What to do: Your task is to count the lines of the entries below that include the word "stone" and to give only the resulting number.
+ + + + + + +
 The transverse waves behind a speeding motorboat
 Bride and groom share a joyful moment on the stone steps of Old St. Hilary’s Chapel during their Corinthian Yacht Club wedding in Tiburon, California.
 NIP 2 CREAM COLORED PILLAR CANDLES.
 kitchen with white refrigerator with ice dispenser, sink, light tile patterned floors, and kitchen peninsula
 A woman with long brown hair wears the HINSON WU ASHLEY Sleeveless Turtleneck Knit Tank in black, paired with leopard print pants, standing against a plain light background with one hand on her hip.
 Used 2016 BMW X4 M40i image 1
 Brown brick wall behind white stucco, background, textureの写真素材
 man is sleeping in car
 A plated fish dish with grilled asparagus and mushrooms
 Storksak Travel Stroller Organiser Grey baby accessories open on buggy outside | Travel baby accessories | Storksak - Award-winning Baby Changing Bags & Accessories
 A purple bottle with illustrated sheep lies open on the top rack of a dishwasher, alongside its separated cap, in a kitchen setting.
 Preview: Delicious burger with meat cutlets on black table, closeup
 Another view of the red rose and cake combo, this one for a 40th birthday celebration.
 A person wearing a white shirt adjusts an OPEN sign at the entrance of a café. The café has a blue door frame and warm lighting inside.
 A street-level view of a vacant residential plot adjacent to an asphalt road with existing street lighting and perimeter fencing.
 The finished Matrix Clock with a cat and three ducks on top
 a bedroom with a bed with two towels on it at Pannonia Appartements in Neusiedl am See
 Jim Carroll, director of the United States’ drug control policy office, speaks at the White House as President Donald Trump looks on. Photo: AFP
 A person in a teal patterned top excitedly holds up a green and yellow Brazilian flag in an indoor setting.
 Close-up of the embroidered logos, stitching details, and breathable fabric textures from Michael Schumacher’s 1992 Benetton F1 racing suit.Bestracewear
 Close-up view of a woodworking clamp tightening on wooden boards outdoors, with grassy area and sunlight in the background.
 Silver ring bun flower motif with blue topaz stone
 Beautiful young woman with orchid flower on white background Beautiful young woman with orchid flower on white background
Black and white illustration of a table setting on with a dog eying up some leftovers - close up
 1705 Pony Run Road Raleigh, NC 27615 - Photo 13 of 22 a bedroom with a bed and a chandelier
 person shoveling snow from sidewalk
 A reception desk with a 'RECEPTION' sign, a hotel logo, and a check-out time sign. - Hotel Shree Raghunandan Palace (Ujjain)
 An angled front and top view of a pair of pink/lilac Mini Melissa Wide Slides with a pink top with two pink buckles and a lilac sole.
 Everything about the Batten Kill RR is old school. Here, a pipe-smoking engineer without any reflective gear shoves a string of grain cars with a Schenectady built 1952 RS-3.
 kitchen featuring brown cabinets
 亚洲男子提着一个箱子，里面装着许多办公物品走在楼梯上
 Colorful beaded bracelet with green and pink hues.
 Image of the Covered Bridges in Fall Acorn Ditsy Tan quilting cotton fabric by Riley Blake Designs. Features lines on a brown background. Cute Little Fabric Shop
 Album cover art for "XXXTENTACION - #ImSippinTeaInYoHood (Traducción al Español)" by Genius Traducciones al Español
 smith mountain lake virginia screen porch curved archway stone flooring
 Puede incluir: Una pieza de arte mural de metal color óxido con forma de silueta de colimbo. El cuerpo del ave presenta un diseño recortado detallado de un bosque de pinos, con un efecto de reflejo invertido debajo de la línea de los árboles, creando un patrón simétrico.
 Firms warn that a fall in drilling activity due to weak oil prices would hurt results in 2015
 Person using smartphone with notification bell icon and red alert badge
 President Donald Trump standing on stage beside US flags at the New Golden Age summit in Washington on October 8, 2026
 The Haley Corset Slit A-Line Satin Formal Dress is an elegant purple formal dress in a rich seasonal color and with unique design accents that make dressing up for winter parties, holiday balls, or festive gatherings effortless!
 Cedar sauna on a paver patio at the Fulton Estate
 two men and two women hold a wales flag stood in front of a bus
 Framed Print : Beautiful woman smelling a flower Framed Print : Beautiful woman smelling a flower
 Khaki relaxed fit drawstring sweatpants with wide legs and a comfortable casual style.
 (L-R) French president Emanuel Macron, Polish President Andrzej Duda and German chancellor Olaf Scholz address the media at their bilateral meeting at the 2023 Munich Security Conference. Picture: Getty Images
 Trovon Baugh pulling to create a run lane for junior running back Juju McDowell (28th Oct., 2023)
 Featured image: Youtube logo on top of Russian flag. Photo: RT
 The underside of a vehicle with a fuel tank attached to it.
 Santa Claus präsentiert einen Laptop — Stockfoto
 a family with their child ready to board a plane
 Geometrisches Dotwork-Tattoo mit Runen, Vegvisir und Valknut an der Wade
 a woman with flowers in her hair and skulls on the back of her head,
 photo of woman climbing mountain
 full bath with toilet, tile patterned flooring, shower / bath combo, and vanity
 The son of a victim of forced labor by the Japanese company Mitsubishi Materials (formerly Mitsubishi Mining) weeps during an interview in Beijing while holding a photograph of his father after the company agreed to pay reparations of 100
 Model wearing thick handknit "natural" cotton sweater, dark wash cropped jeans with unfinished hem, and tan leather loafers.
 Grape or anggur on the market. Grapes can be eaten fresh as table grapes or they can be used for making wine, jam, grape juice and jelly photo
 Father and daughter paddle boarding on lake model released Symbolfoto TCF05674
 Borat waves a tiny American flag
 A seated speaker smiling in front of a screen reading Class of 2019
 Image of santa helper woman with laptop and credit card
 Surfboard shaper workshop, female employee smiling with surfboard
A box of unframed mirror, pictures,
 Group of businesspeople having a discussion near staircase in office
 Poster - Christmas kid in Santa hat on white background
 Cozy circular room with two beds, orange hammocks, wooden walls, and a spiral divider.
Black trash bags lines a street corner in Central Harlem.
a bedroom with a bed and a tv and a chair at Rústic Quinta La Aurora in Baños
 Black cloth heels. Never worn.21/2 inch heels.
+ + + + + + +
Solved problem: 3